▶ **RECORDS FOR THE EXERCISE**:
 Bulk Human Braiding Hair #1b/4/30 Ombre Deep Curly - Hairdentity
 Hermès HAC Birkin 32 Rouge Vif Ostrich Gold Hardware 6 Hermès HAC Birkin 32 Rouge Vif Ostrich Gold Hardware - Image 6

==

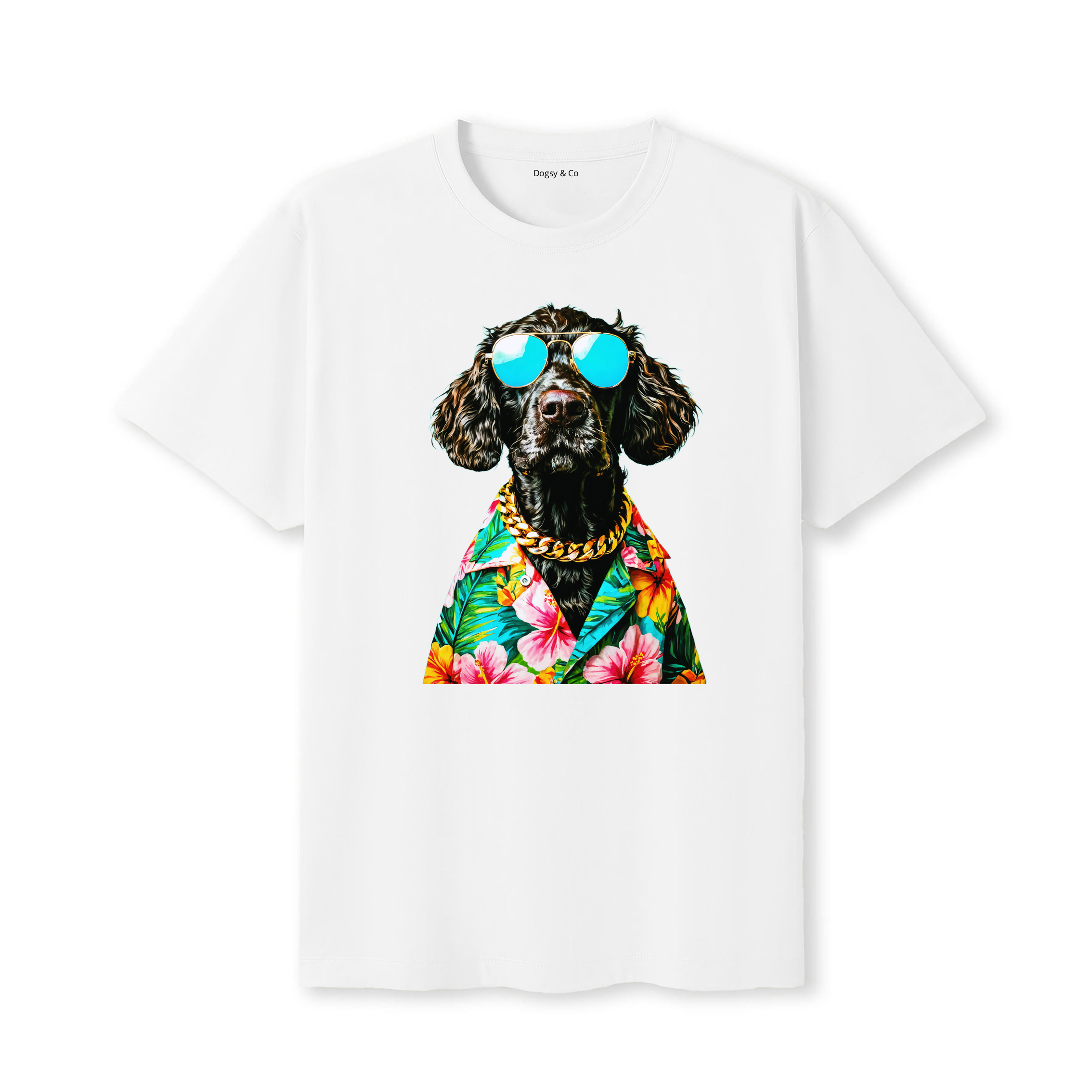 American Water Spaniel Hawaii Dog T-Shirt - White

...

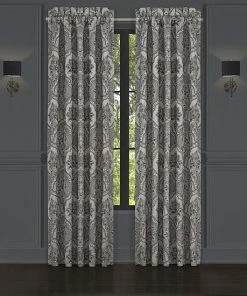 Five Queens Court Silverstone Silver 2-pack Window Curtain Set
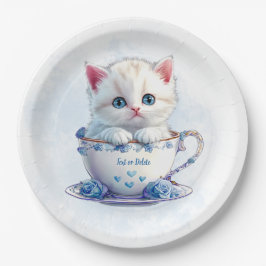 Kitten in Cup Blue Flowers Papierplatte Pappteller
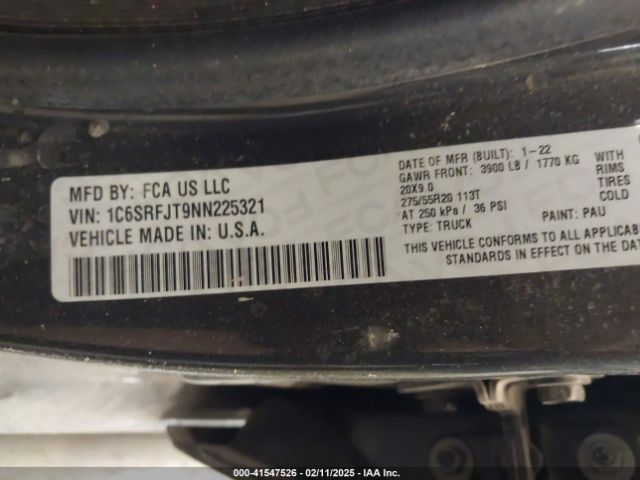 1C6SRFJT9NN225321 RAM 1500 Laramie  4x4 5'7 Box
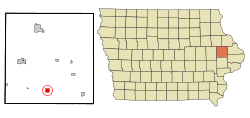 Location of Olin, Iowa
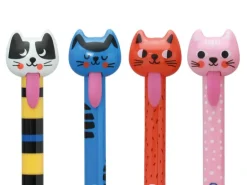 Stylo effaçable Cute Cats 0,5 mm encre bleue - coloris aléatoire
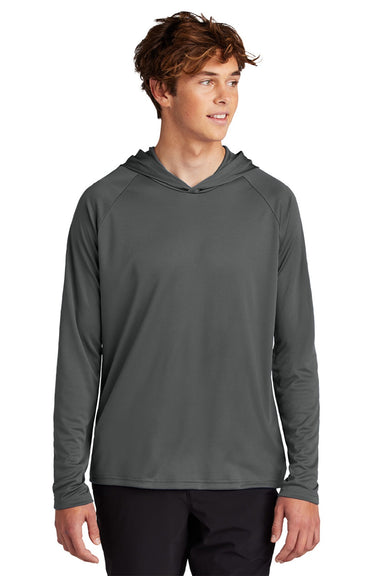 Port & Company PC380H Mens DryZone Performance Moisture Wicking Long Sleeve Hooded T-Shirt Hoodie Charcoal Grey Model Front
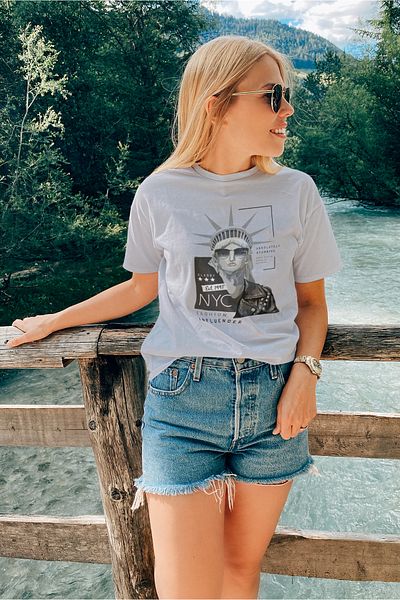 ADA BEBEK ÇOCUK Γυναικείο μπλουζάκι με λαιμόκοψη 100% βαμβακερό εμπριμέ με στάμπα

▶ **WHAT TO WORK ON**: From the listing above, please give again the lines that begin with the line holding "Five Queens Court" and go on through the line holding "ADA BEBEK ÇOCUK", exactly, both ends included, minus any picture.

▶ **ANSWER TO THE EXERCISE**:
 Five Queens Court Silverstone Silver 2-pack Window Curtain Set
 Kitten in Cup Blue Flowers Papierplatte Pappteller
 1C6SRFJT9NN225321 RAM 1500 Laramie  4x4 5'7 Box
 Location of Olin, Iowa
 Stylo effaçable Cute Cats 0,5 mm encre bleue - coloris aléatoire
 Port & Company PC380H Mens DryZone Performance Moisture Wicking Long Sleeve Hooded T-Shirt Hoodie Charcoal Grey Model Front
 ADA BEBEK ÇOCUK Γυναικείο μπλουζάκι με λαιμόκοψη 100% βαμβακερό εμπριμέ με στάμπα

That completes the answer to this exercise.